Pre-trained model 1.1m
The speed seems okay.
Code address: https://github.com/dog-qiuqiu/FastestDet
Network | COCO mAP(0.5) | Resolution | Run Time(4xCore) | Run Time(1xCore) | FLOPs(G) | Params(M) |
---|---|---|---|---|---|---|
Yolo-FastestV1.1 | 24.40% | 320X320 | 26.60 ms | 75.74 ms | 0.252 | 0.35M |
Yolo-FastestV2 | 24.10% | 352X352 | 23.8 ms | 68.9 ms | 0.212 | 0.25M |
FastestDet | 27.8% | 512X512 | 21.51ms | 34.62ms | * | 0.25M |
Multi-platform benchmark
Equipment | Computing backend | System | Framework | Run time(Single core) | Run time(Multi core) |
---|---|---|---|---|---|
Radxa rock3a | RK3568(arm-cpu) | Linux(aarch64) | ncnn | 34.62ms | 21.51ms |
AMD | R5-5600(X86-cpu) | Linux(amd64) | ncnn | 2.16ms | 1.73ms |
Intel | i7-8700(X86-cpu) | Linux(amd64) | ncnn | 5.21ms | 4.73ms |
01 Overview
FastestDet is designed to replace the yolo-fastest series of algorithms. Compared with the existing lightweight target detection algorithms in the industry, such as yolov5n, yolox-nano, nanoDet, pp-yolo-tiny, FastestDet and these algorithms are not of the same order of magnitude. , FastestDet is several orders of magnitude smaller in terms of speed and parameter size (don't compare the size of the int8 model with my fp32 model, it's not fair), but the accuracy is naturally incomparable. FastestDet is designed for the ARM platform with limited computing resources , highlighting single-core performance, because in actual business scenarios, all CPU resources will not be used for model inference in the inference framework. , RK3568 to run real-time target detection, then FastestDet is a better choice, or if you don't want to occupy too much CPU resources on the mobile terminal, you can also use a single core and set cpu sleep to reason FastestDet, and run the algorithm under low power consumption conditions .
02
New Frame Algorithm
Let's talk about several important features of FastestDet:
-
Single lightweight detection head
-
anchor-free
-
Multi-candidate targets across grids
-
Dynamic positive and negative sample allocation
-
Simple data augmentation
Let me go into detail one by one:
Single lightweight detection head
This is to optimize the algorithm model on the network structure, mainly to improve the running speed of the algorithm and simplify the post-processing steps. You can look at the network structure of this block first:
In fact, the multi-detection head is designed to adapt to the detection of objects of different scales. The high-resolution detection head is responsible for detecting small objects, and the low-resolution detection head is responsible for detecting large objects, a kind of divide and conquer idea.

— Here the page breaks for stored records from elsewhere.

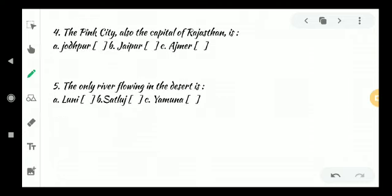Fourth one: The pink city, also the capital of Rajasthan. Which city is called the pink city? We learned that in the lesson. Option A Jodhpur, Option B Jaipur, Option C Ajmer. Option B, Jaipur is the correct one. Fifth question: The only river flowing in the desert. Option A Luni, Option B Sutlej, Option C Yamuna. Option A, Luni is the correct answer.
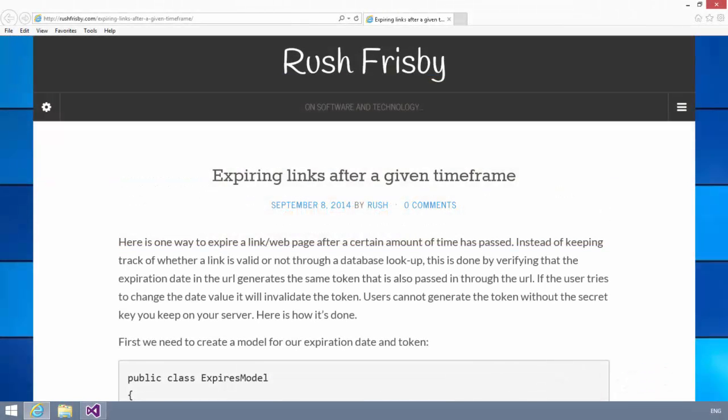Hello, this is Michael Osborne with Webucator. In this video, we're going to take a look at how to generate and verify expiring links.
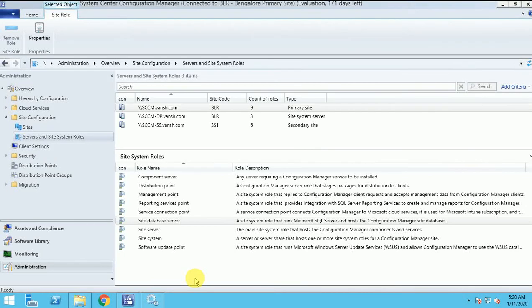Hi guys, my name is Sharwansh and thanks for watching my other videos about how we can install SCCM, SQL database, DP, MP and the other roles.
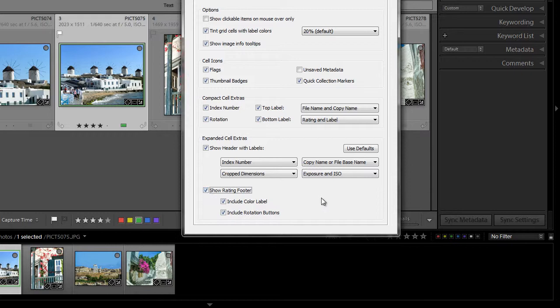So, those are the various customization options you have for the grid view. As I showed you, there's quite a bit of information about your images that you can choose to see in grid view, and customizing what you see is quite easy.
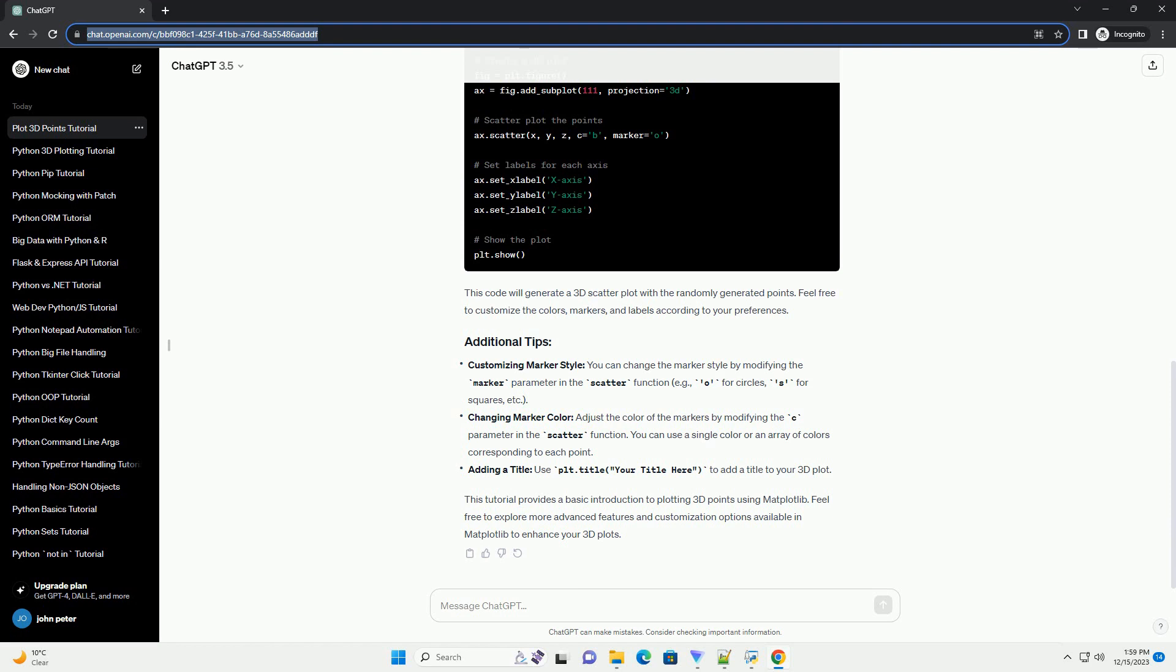Customizing marker style: you can change the marker style by modifying the marker parameter in the scatter function, example O for circles, S for squares, etc.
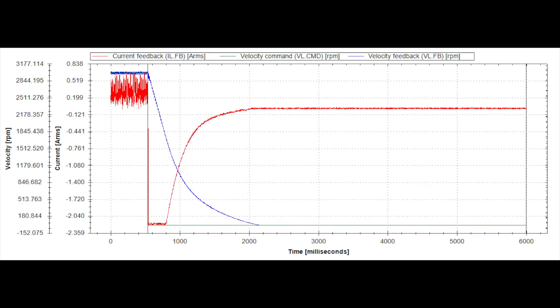Dynamic braking is used to slow the servo motor by dissipating the energy the motor will generate during deceleration. This energy will be dissipated through a resistor, either internal to the drive or externally mounted.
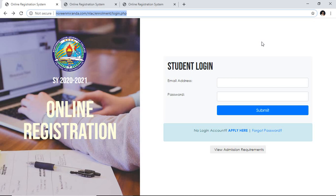In my first tutorial I guided you on how you're going to apply for admission. Now, in order for you to continue with your enrollment process, you should have received your notification of approval or approval notice coming from the registrar. I assume by now you have already received that notice. If you have received that notice, you can continue with your enrollment through this login page.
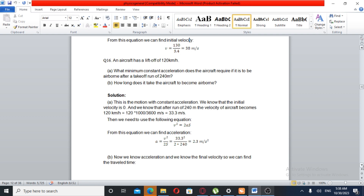This is motion with constant acceleration. The initial velocity is zero. The aircraft needs to reach a lift-off velocity of 120 km per hour during the take-off run.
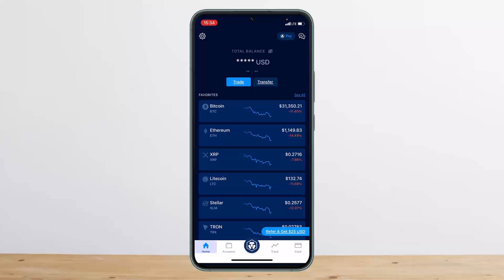You can also use the auto trade feature in the trading arena on the website. I'll be making a separate video on how you can do so, so make sure you stay tuned to the channel and subscribe. Hope this helped you — do like and subscribe, and don't forget to leave a comment below if you have any further issues.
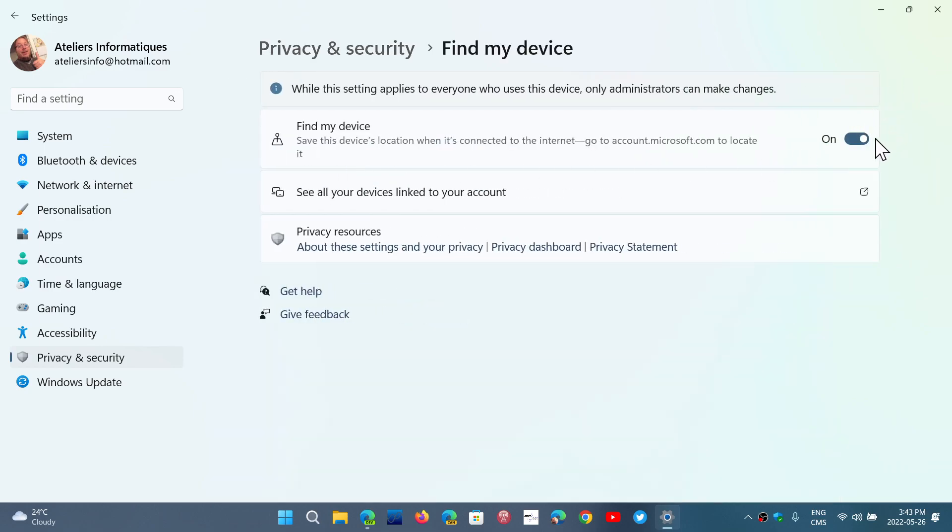It's important. It is required to have a Microsoft account in order for Find My Device to work. Find My Device will help you if you lose your laptop or desktop, or if you get it stolen.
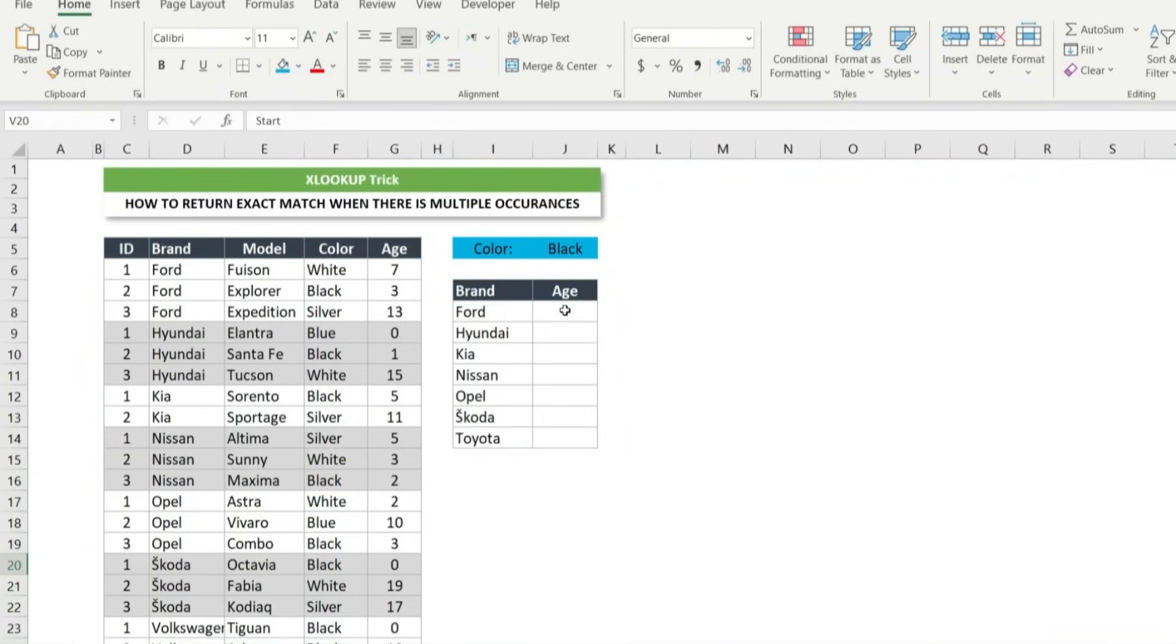When we want to return exact match but there are multiple occurrences, generally lookup functions including xlookup return the first occurrence.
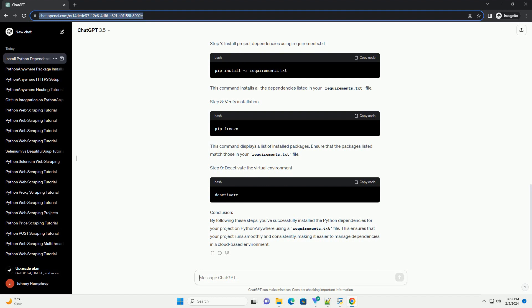Navigate to your project directory. Replace your_username with your Python Anywhere username and your_project_directory with the name of your project directory. Step 4:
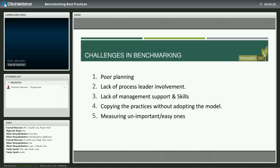Challenges in benchmarking start with poor planning, which could lead to wrong results and wrong conclusions. Also, lack of process and leader involvement — benchmarking requires top-down involvement from organizational leadership. Lack of management support and skills as well. Also, copying practices without adapting them — when you benchmark with other organizations, it's not about copying best practices but adapting them to your own organization and your own culture. And finally, measuring the impact of benchmarking on your organization.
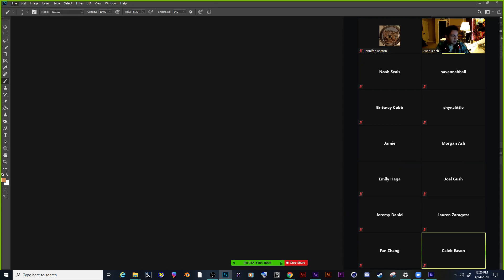I'm going to go to File, Open. I need to work from my reference to start out with.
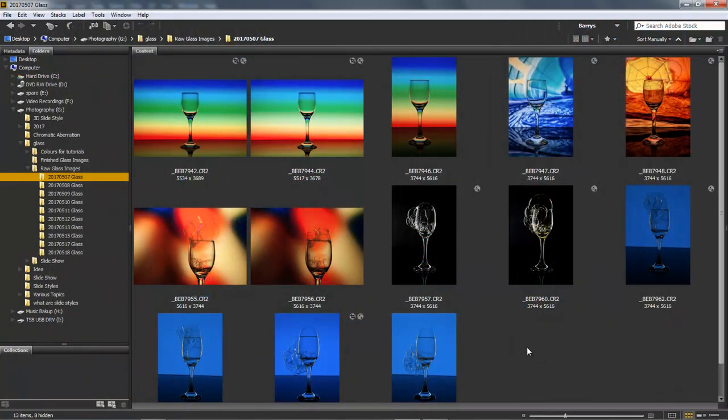In this section we're just going to take a quick look at the manipulation of one or two of these images, but I have to tell you straight away it's not a difficult process. We could use Lightroom, Photoshop or Photoshop Elements and we would get a superb result in any of those three pieces of software.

I personally think that the root cause is the perceptual field. Objects of different scales require different perceptual fields, and the perceptual fields of each layer of the model are different, including FPN, which is also a summary and fusion of the characteristics of different perceptual fields. I also refer to the idea of YOLOF for this single detection head. In the network structure, a 5x5 grouped convolutional parallel network structure similar to inception is used, and it is expected that the features of different perception fields can be integrated, so that a single detection head can also be adapted to detect different scales. object.
Anchor-Free
The original anchor-base algorithm needs to perform the anchor-bias operation on the dataset when training the model. Anchor-bias can be understood as clustering the width and height of the marked objects in the dataset to obtain a set of prior width and height. The network is here Optimize the width and height of the prediction box based on the prior width and height of the group. FastestDet uses the anchor-free algorithm. The model directly regresses the scale value of gt to the width and height of the feature map, and there is no prior width and height. This approach simplifies model post-processing. And for the anchor-base algorithm, the feature points of each feature map correspond to N anchor candidate boxes, and the feature points of each feature map of this anchor-free correspond to only one candidate box, so it is also advantageous in terms of inference speed. .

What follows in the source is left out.